Can anyone tell me if the key to my 2006 Maxima has the chip in it i would like to get a copy made and i dont want to spend what the dealer wants to do it for Thanks Paul


----------



## Jeff (Oct 17, 2002)

Get a copy made and try using only that key to start/drive your Maxima. I'm willing to bet it does have the chip in it.


----------



## metro273 (Sep 16, 2005)

It does have a chip in it. If you don't program that key and one day you forget that you didn't program it and you accidentally mix the keys and you try to use the unprogrammed key to start your Maxima, you are gonna put your car into "lock mode". What is this you ask?

If you try to put your other programmed key in to start the car, it won't cause you put it into "lock mode". Now you have to tow your car, to a Nissan dealership to get it "unlocked". 

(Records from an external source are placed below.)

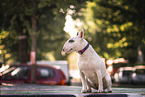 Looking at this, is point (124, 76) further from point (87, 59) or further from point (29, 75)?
point (87, 59)

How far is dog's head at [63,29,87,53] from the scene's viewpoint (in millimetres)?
4539

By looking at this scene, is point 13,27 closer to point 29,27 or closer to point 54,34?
point 29,27

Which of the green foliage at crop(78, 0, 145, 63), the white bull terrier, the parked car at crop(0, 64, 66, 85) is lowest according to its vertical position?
the parked car at crop(0, 64, 66, 85)

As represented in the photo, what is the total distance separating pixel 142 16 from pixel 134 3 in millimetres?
865

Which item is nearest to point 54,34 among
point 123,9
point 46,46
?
point 46,46

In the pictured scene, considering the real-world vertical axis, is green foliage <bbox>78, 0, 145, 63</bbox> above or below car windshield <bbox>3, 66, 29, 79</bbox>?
above

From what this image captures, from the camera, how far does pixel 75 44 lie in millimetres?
4555

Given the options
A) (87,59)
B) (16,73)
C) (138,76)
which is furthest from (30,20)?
(138,76)

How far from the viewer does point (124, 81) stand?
28.3 metres

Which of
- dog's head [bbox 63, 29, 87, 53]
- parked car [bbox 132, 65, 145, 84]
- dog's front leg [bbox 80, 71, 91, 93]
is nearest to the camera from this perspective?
dog's head [bbox 63, 29, 87, 53]

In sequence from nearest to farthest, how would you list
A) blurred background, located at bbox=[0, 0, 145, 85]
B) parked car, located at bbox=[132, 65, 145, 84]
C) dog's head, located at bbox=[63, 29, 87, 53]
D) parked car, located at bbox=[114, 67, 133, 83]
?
dog's head, located at bbox=[63, 29, 87, 53] → blurred background, located at bbox=[0, 0, 145, 85] → parked car, located at bbox=[132, 65, 145, 84] → parked car, located at bbox=[114, 67, 133, 83]

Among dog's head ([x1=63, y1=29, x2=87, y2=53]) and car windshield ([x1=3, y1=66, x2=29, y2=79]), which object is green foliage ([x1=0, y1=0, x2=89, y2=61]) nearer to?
car windshield ([x1=3, y1=66, x2=29, y2=79])

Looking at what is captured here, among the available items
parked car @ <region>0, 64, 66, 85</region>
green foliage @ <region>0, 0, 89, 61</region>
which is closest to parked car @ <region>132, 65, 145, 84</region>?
green foliage @ <region>0, 0, 89, 61</region>

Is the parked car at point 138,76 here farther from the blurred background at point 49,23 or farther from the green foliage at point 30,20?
the green foliage at point 30,20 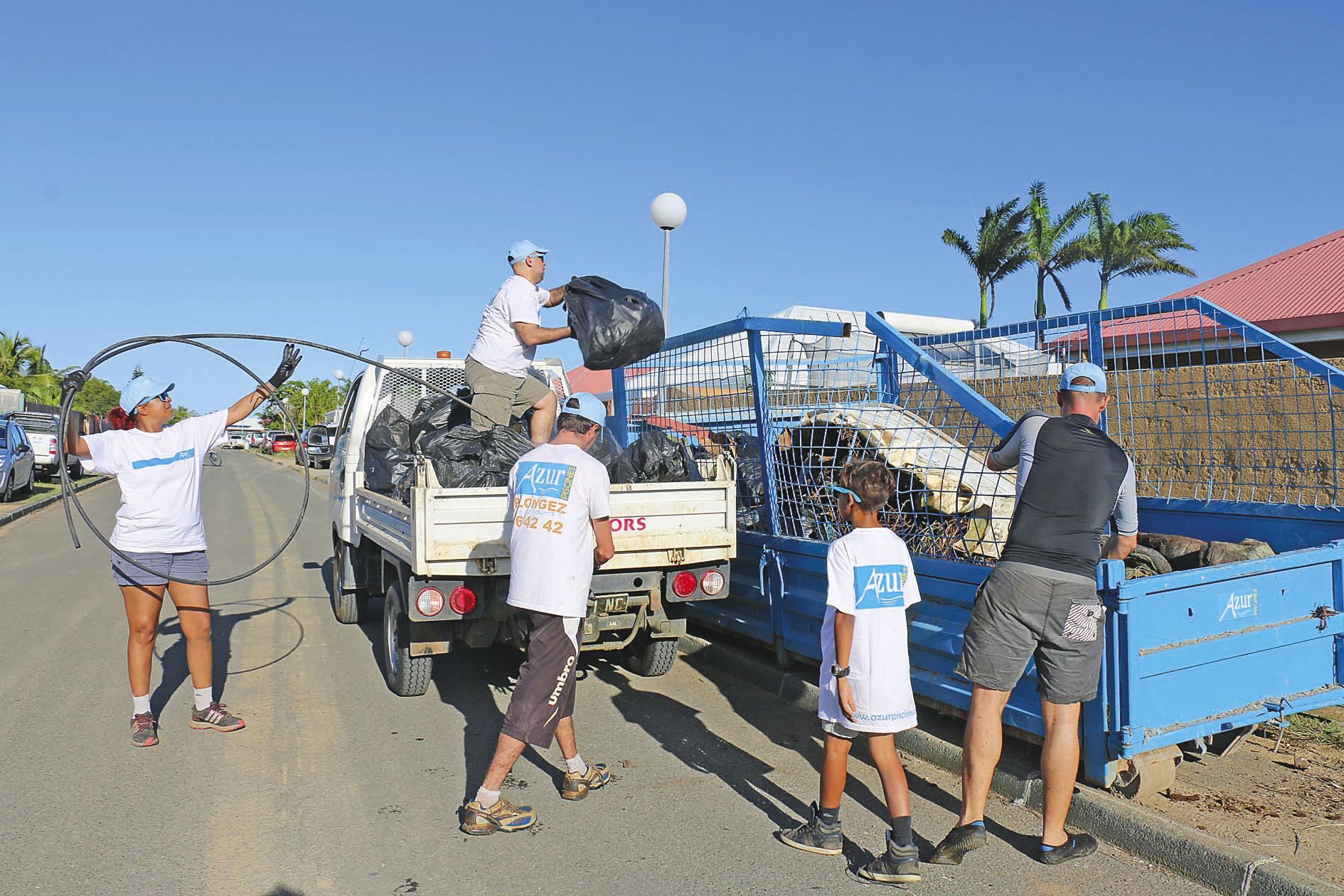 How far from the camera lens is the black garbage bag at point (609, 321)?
5797 millimetres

Now it cost you more money cause you don't wanna pay what the dealership wants! Now you decide!...


----------



## MJTech12 (Feb 2, 2009)

metro273 said:


> It does have a chip in it. If you don't program that key and one day you forget that you didn't program it and you accidentally mix the keys and you try to use the unprogrammed key to start your Maxima, you are gonna put your car into "lock mode". What is this you ask?
> 
> If you try to put your other programmed key in to start the car, it won't cause you put it into "lock mode". Now you have to tow your car, to a Nissan dealership to get it "unlocked".
> 
> Now it cost you more money cause you don't wanna pay what the dealership wants! Now you decide!...


Hey thanks, about how much to get another key at the dealer?, cause you can get them on Ebay but there blank so i would have to bring it to the dealer anyway but it might be cheaper to buy it on ebay and then let the dealer cut and program it, i already got a remote from ebay brand new $9.95 free ship with instructions on how to program it.


----------



## Hillbilly1964 (Dec 26, 2008)

Most dealers won't cut or program customer provided keys. A locksmith may or may not do it. Locksmiths are usually cheaper for keys and programming.


----------